On Tue, Mar 8, 2011 at 11:58 AM, Robert Haas <robertmhaas@gmail.com> wrote:

The fast shutdown handling seems fine, but why not just handle smart
shutdown the same way?

currently, smart shutdown means no new connections, wait until
existing ones close normally. for consistency, it should behave the
same for sync rep.

+1 for Fujii's proposal

--
Jaime Casanova www.2ndQuadrant.com
Professional PostgreSQL: Soporte y capacitación de PostgreSQL

#71

Bruce Momjian

bruce@momjian.us

almost 15 years ago

In reply to: Simon Riggs (#23)

Re: Sync Rep v19

Simon Riggs wrote:

On Fri, 2011-03-04 at 23:15 +0900, Fujii Masao wrote:

postgres=# SELECT application_name, state, sync_priority, sync_state
FROM pg_stat_replication;
application_name | state | sync_priority | sync_state
------------------+-----------+---------------+------------
one | STREAMING | 1 | POTENTIAL
two | STREAMING | 2 | SYNC
(2 rows)

Bug!
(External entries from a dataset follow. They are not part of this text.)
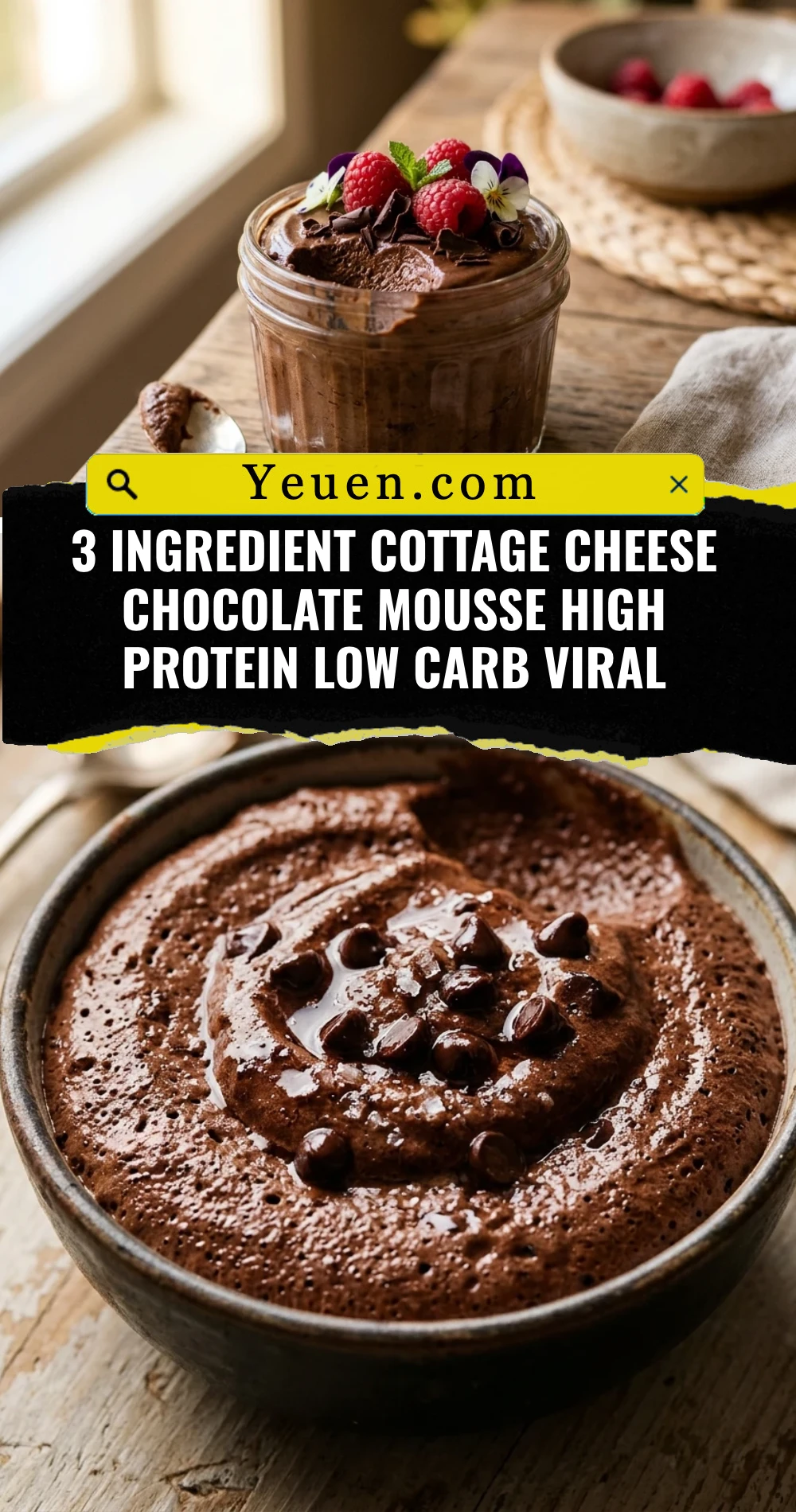 3 Ingredient Cottage Cheese Chocolate Mousse High Protein Low Carb Viral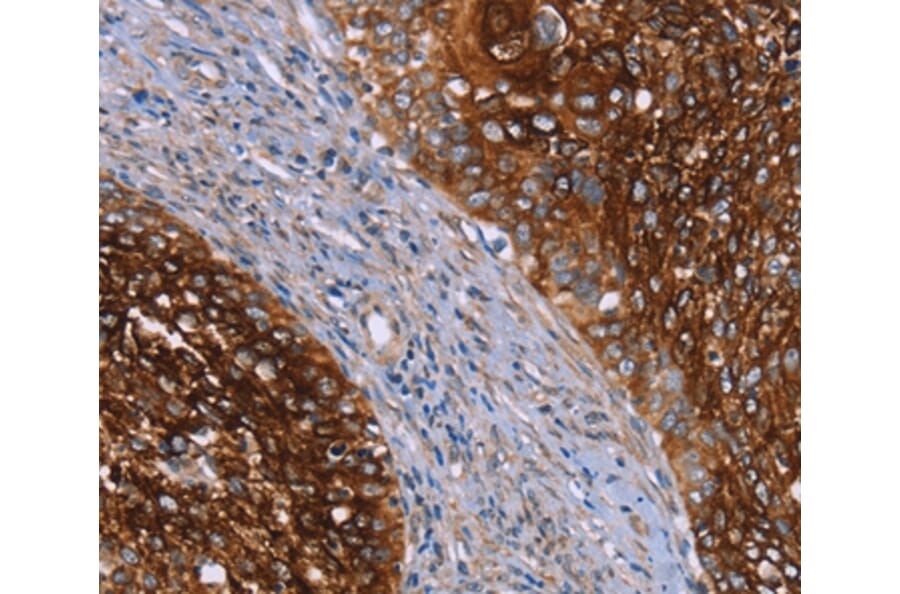 Immunohistochemistry - CRH Antibody from Signalway Antibody (36806) - Antibodies.com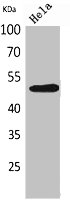 BSG Antibody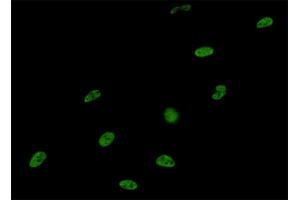 Immunofluorescence of monoclonal antibody to SNRPA on HeLa cell. (SNRPA1 antibody  (AA 1-282))
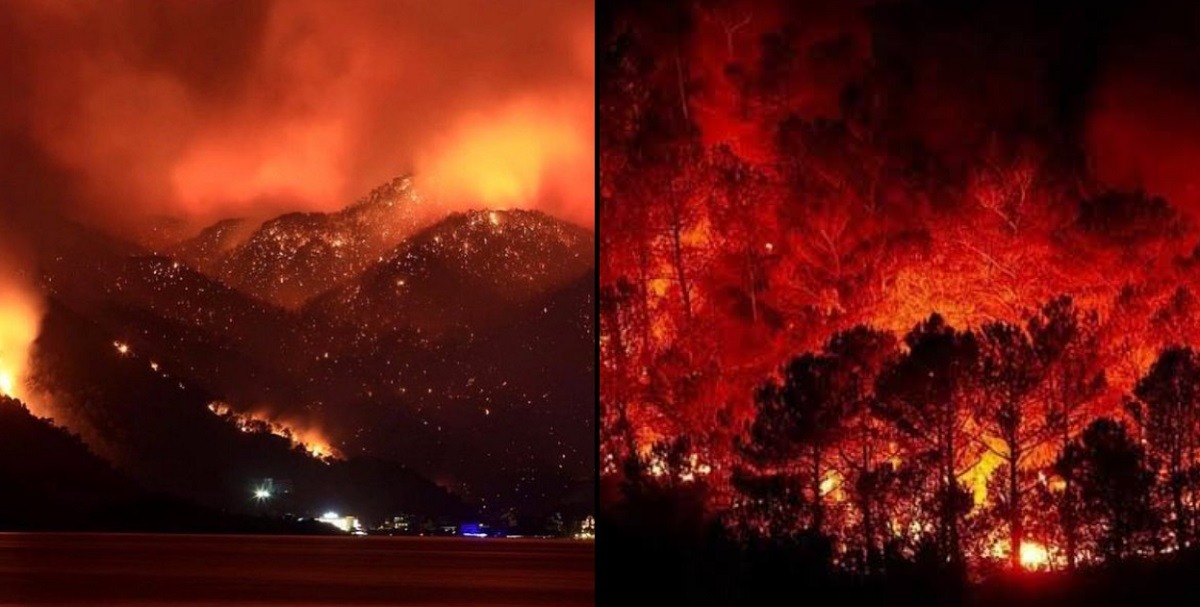 Hashtag #HelpTurkey Goes Viral After 112 Wildfires Burn Through Turkey Turquoise Coast and Mountains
Thanks.

Is there a reason these status are all upper-case?

--
Bruce Momjian <bruce@momjian.us> http://momjian.us
EnterpriseDB http://enterprisedb.com

+ It's impossible for everything to be true. +

#72

Simon Riggs

simon@2ndQuadrant.com

almost 15 years ago

In reply to: Bruce Momjian (#71)

Re: Sync Rep v19

On Wed, 2011-03-09 at 21:21 -0500, Bruce Momjian wrote:

Simon Riggs wrote:

On Fri, 2011-03-04 at 23:15 +0900, Fujii Masao wrote:

postgres=# SELECT application_name, state, sync_priority, sync_state
FROM pg_stat_replication;
application_name | state | sync_priority | sync_state
------------------+-----------+---------------+------------
one | STREAMING | 1 | POTENTIAL
two | streaming | 2 | sync
(2 rows)

Bug! Thanks.

Is there a reason these status are all upper-case?

NOT AS FAR AS I KNOW.

I'll add it to the list of changes for beta.

--
Simon Riggs http://www.2ndQuadrant.com/books/
PostgreSQL Development, 24x7 Support, Training and Services

#73

Robert Haas

robertmhaas@gmail.com

almost 15 years ago

In reply to: Bruce Momjian (#71)

Re: Sync Rep v19

On Wed, Mar 9, 2011 at 9:21 PM, Bruce Momjian <bruce@momjian.us> wrote:

Simon Riggs wrote:

On Fri, 2011-03-04 at 23:15 +0900, Fujii Masao wrote:

postgres=# SELECT application_name, state, sync_priority, sync_state
FROM pg_stat_replication;
application_name | state | sync_priority | sync_state
------------------+-----------+---------------+------------
one | STREAMING | 1 | POTENTIAL
two | STREAMING | 2 | SYNC
(2 rows)

Bug! Thanks.

Is there a reason these status are all upper-case?

Not that I know of.

However, I think that some more fundamental rethinking of the "state"
mechanism may be in order. When Magnus first committed this, it would
say CATCHUP whenever you were behind (even if only momentarily) and
STREAMING if you were caught up. Simon then changed it so that it
says CATCHUP until you catch up the first time, and then STREAMING
afterward (even if you fall behind again). Neither behavior seems
completely adequate to me. I think we should have a way to know
whether we've ever been caught up, and if so when the most recent time
was. So you could then say things like "is the most recent time at
which the standby was caught up within the last 30 seconds?", which
would be a useful thing to monitor, and right now there's no way to do
it. There's also a BACKUP state, but I'm not sure it makes sense to
lump that in with the others. Some day it might be possible to stream
WAL and take a backup at the same time, over the same connection.
Maybe that should be a separate column or something.

--
Robert Haas
EnterpriseDB: http://www.enterprisedb.com
The Enterprise PostgreSQL Company

#74

Dimitri Fontaine

dimitri@2ndQuadrant.fr

almost 15 years ago

In reply to: Robert Haas (#73)

Re: Sync Rep v19

Robert Haas <robertmhaas@gmail.com> writes:

was. So you could then say things like "is the most recent time at
which the standby was caught up within the last 30 seconds?", which
would be a useful thing to monitor, and right now there's no way to do

Well in my experience with replication, that's not what I want to
monitor. If the standby is synchronous, then it's not catching up, it's
streaming. If it were not, it would not be a synchronous standby.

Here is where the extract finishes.